The whole dish comes together in about 10 minutes, which is the entire point, it’s quick, rich, and elegant without being fussy.
Pounding the steaks to a third of an inch is the key technical move. Thin steaks cook in about five minutes total, and the thin profile means every bite gets coverage from the sauce. Don’t skip this step. Thick steaks won’t absorb the sauce and turn this into just another steak-with-a-drizzle.
The shallots should turn lightly brown, not burnt, before the Worcestershire goes in. That brief caramelization adds sweetness that balances the sharp salty punch of the sauce.
Brown butter for the sear is non-skippable (not that I’m calling it non-negotiable).
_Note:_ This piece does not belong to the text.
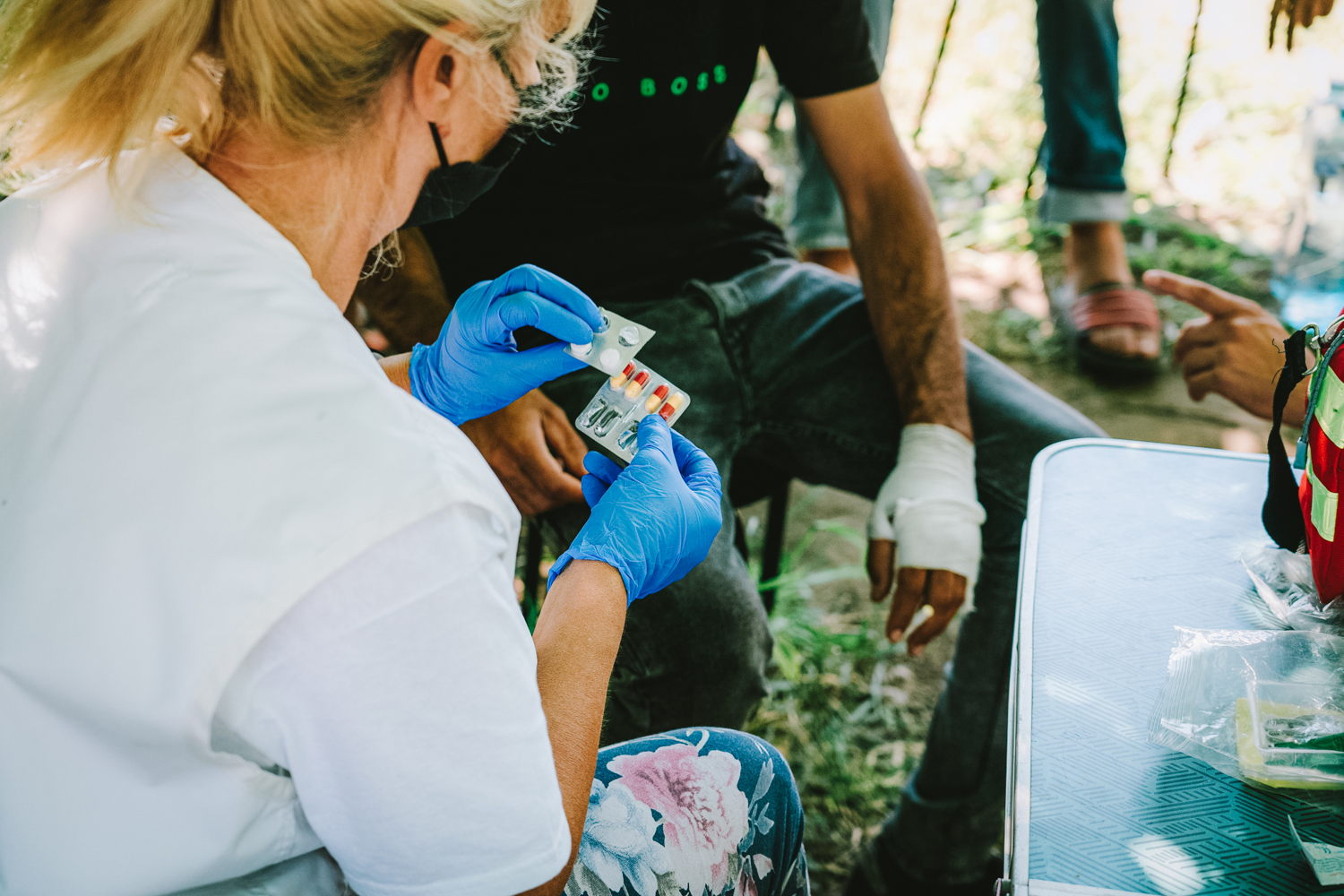 Title: Violent practices against migrants Copyright: MSF Countries: Serbia Date taken / Date Recorded: 13 July, 2022 Caption / Description: An MSF nurse prepares medication for a patient during a medical consultation at the MSF mobile clinic in Horgos 2 border crossing area in Serbia. In 2022 MSF is operational in informal settlements at the Serbian-Hungarian and Serbian-Romanian borders, with two mobile clinics providing primary health care, psycho-social support and health promotion activities, assessing and treating patients for physical injuries allegedly as a result of border violence. Page 2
Brown butter gives you nutty flavor under the steak that melted butter alone won’t.
Pro Tips
- Use quality sirloin, this fast-cooking preparation shines a spotlight on the meat, lesser cuts will read tough and chewy
- Bring steaks to room temperature 20 minutes before cooking for even doneness
- Keep the shallot sauce warm but not boiling while the steaks cook, reducing further will concentrate the saltiness too much
- Have everything ready before you start, this recipe moves fast and doesn’t wait for you
Variations
- Add 2 tablespoons of brandy or cognac to the sauce and flambé for drama and depth
- Stir in a tablespoon of Dijon mustard to the finished sauce for extra bite
- Finish the sauce with a splash of heavy cream for a silkier, richer version
Ingredients
Directions
Put 4 sirloin steaks, each about 6 ounces, between pieces of waxed paper and pound to a ⅓ inch thickness.
Heat in small saucepan: 2 tablespoons butter.
Add 4 tablespoons finely chopped shallots and cook until shallots are lightly browned.
Add 2 tablespoons Worcestershire sauce and heat to bubbling.
Keep the sauce hot.
Heat in 12 inch skillet or chafing dish: 6 tablespoons butter.
When it begins to brown, add steaks and cook for 3 minutes.
Turn and cook for 2 to 3 minutes longer or until done to taste.
Transfer to a serving dish and sprinkle with salt and a generous amount of freshly ground pepper.
Presentation: Spread the shallot sauce over the steaks and sprinkle with chopped parsley.